Local police department frankly have too much on their plate in a lot of areas to be responding to every call for a junkie who’s shoplifting to finance his next fix.
The Civil Recovery thing came into being then. Frankly my employers would have rather had the money than a conviction (although good luck actually collecting on that judgment).
California geniuses - ya can’t beat’em!
Ten people stealing $900 worth of goods is only nine misdemeanors.
Walmart employees, including any security they may have, has been told they can’t touch them as they walk out with stuff. A friend recently witnessed a lady with a full basket of groceries just walking out screaming at the employees.....you can’t touch me! And they don’t.
I live in California and I feel like Lot living in Sodom. Trouble is my homeowners insurance doesn’t cover brimstone from heaven.
Yes!
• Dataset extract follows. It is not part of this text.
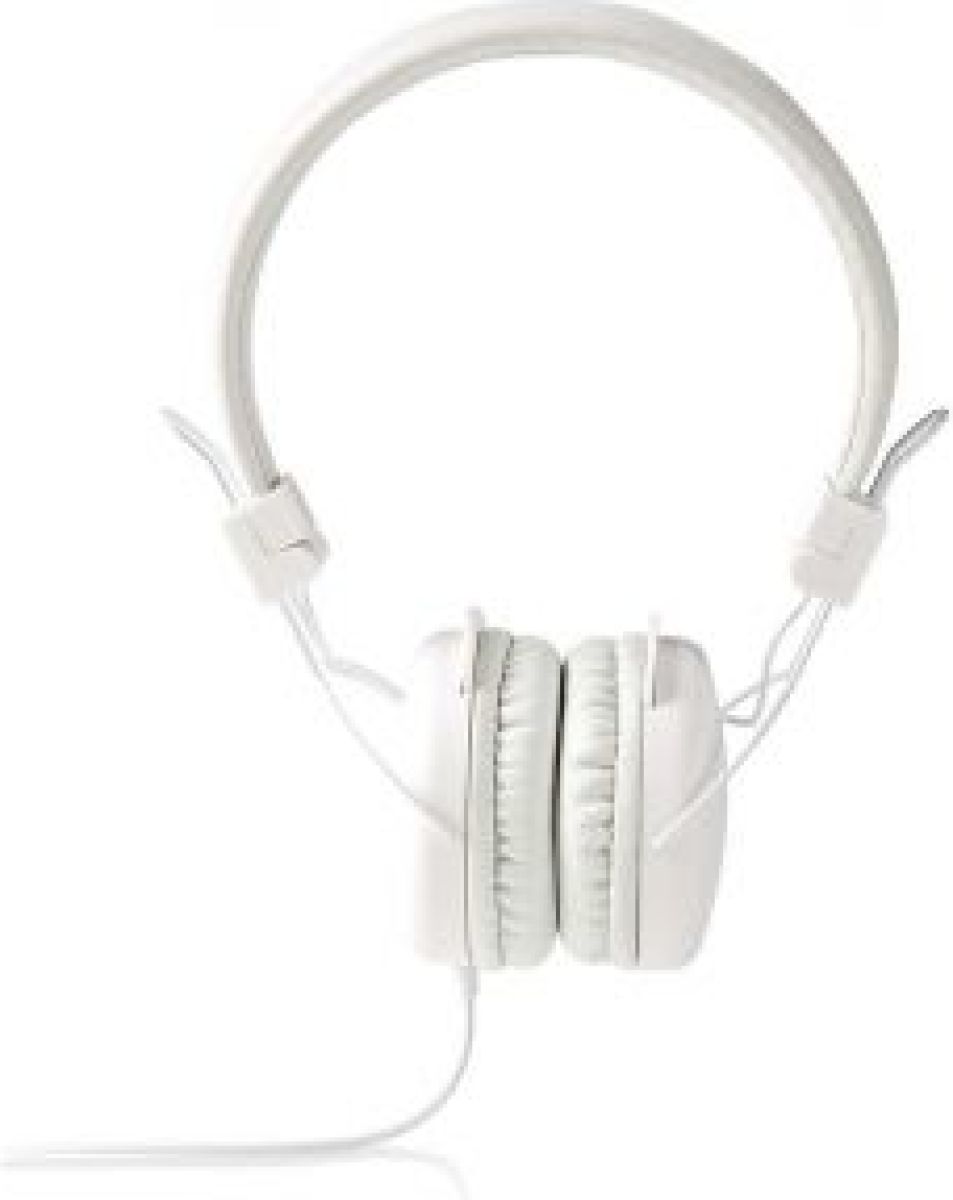 Nedis Hoofdtelefoon met snoer | On-ear | Opvouwbaar | 1,2 m ronde kabel | Wit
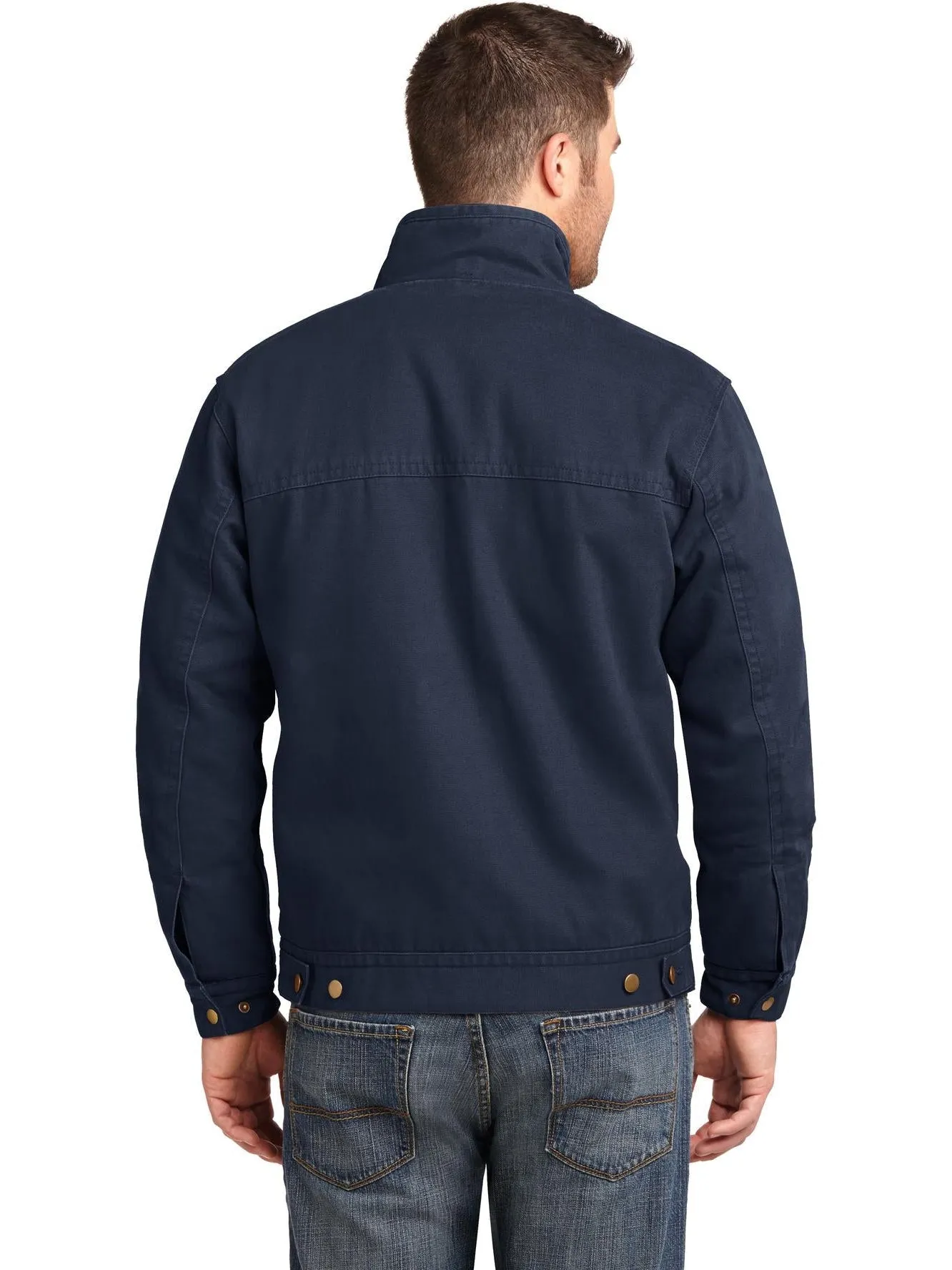 CornerStoneWashed Duck Cloth Flannel-Lined Work Jacket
In the olden days, a customer would go to the front desk of the general store and present the clerk with a shopping list, the clerk would go to the shelves and pick the items and bring them to the front desk for the customer to purchase.
Customers didn’t prowl the store, the clerk knew exactly where everything was located and was much quicker than any customer could ever be.
The down side was there wasn’t much in the way of impulse buying, but who had excess cash anyway?
Piggly Wiggly got the customers herded into a serpentine path that went by every shelf and product, that boosted sales in a time when Godly customers remembered ‘Thou shall not steal’.
Then customers were finally trained to use a shopping cart and it was off to the races!
Don’t look back, unless you have an extreme craving for salt...
Come to Kalifornia and witness CAGOP. Always asking for money and very little public action that I have seen.
There are 47 states that are better.
_____________________
Ok, I’ll bite. Which are the other two states equal to or worse than California in your opinion?
New York, New Jersey.
I suppose one could make good arguments for several more.
And thank you for recognizing it’s my opinion, not necessarily a statement of objective fact.
Ahh yes, those two. As former resident of both, we are in accord...IMHO
;>)
More documentation that liberals are stupid.
“More brick and mortar stores going to order online and pick it up and free home delivery
No chance of theft (aside from CC fraud).”
You’re forgetting the theft off people’s porches. The retailer and shipper have to cover that if it was left on the porch.